Dont train legs 2 x a weeks. Take some time off if the intensity isn't there. Its all about DAT intensity.


----------



## DocDePanda187123 (Apr 9, 2014)

If you have trouble recovering properly with what you're doing currently, how do you plan on working out twice a day and recover? The only way would be to cut the overall work of each session down but then that only makes fore more time spent in he gym not necessarily better results. I would

1) get in the nutrition section and fix any holes in your diet. Set it up to be congruent with your particular goals. 
2) get in the training section and tweak or change your workouts. 
3) look into lifestyle factors that may affect your recovery and progress (staying out late, drinking too much, mobility work, foam rolling, sleep issues, etc)


----------



## transcend2007 (Apr 9, 2014)

You must remember you actually grow while at rest not while you're at the gym.'

Diet, rest, change up your routine and start tracking (journaling) your results.


----------



## Metalhead1 (Apr 9, 2014)

Im currently working out twice a day 4-5 days a week. Cardio and abs on the off days. The only time i take time off is when my body says i need it. Just listeny to your body and everything said above


----------



## espy (Apr 9, 2014)

Recovery - what i mean is, lets say I do 8 rep x 4 sets of arm excises. and want to hit arm some more, but during 1hr of session I usually don't have that much power to hit it, I don't have any power left to do.

But when I come home and I tried to run (HIIT) - i could do it. I thought that will add some more work.  It's not I would go back to gym and lift again.


----------



## ECKSRATED (Apr 9, 2014)

Tell us exactly what your doing those 5 days in the gym. Show us what ur usual workouts r like


----------



## jennerrator (Apr 9, 2014)

if I had the time, I would train twice a day!!


----------



## brutus79 (Apr 10, 2014)

losieloos said:


> Dont train legs 2 x a weeks. Take some time off if the intensity isn't there. Its all about DAT intensity.



Why not? I go heavy squats and deads on saturdays and go high rep squats and all the other ancillary leg exercises wednesdays and I have more strength gains since I started doing it...

2 A day would be good if I had a gym... I could crush it for half an hour superset after superset and do the same that night.  Back and forth to the gym sucks though. 

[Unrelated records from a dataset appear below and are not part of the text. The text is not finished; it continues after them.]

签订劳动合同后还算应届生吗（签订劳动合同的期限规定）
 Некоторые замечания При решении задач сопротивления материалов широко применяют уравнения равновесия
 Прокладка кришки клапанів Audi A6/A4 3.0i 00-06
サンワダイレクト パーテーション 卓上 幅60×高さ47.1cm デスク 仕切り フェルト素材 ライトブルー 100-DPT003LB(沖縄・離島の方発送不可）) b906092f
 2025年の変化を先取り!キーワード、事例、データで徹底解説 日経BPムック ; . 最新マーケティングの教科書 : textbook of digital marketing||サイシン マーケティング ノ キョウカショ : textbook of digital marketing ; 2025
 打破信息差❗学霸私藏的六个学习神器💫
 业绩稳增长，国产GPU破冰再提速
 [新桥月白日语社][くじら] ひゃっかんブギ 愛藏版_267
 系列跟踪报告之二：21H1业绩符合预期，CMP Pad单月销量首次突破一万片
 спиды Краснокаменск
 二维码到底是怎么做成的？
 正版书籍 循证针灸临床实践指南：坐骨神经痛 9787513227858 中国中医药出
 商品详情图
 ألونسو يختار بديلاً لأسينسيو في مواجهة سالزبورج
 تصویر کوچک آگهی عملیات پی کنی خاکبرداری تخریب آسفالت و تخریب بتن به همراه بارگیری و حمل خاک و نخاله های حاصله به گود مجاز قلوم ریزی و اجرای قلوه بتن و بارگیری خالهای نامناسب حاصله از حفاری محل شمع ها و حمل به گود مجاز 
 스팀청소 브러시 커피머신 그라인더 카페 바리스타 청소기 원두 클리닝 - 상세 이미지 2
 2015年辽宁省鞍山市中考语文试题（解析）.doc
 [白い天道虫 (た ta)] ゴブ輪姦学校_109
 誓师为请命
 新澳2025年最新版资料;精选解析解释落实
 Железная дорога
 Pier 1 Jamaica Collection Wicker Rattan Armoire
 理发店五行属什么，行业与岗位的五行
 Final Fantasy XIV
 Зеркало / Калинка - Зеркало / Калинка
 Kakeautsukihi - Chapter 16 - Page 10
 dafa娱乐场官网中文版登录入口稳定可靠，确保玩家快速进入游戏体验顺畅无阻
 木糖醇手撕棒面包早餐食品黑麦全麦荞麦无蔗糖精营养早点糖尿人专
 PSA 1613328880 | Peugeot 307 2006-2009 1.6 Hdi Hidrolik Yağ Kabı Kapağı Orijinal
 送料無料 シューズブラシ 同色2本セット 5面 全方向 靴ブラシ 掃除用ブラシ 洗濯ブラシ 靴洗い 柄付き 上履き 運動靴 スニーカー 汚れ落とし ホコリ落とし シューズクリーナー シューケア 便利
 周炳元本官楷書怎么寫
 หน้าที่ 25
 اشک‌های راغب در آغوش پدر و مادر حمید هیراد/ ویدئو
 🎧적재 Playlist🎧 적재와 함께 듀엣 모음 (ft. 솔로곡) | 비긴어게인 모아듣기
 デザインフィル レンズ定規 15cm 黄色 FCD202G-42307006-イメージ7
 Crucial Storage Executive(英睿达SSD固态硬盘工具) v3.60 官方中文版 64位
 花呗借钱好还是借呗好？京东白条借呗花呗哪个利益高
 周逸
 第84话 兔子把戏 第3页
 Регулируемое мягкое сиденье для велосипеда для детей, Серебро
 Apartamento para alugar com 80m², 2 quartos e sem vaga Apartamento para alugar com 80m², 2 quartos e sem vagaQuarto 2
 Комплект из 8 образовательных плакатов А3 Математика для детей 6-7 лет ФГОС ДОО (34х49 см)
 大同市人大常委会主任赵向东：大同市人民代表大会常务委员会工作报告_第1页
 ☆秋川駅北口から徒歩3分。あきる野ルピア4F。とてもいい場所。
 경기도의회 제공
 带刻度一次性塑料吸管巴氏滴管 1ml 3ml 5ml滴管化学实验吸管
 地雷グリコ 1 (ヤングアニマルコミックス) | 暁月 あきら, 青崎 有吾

I think the ops problem would just get worse.... eat better work out less my friend.


----------



## brutus79 (Apr 10, 2014)

espy said:


> This probably should be in the category of "Do what you think it's right" But wondering if there is people who do this.
> 
> I am having problem with "intensity" of my workout - I want to work out more, but my body does not recover that quickly - so in an hour of workout, I feel like I didn't accomplish much. I am slowly growing, but very, very slow pace.
> 
> ...



How old are you? How long have you been training? What is rest bp?  Stats?


----------



## espy (Apr 10, 2014)

I'm 40 years old, 5" 8/175 BF 18% (skinny fat lol)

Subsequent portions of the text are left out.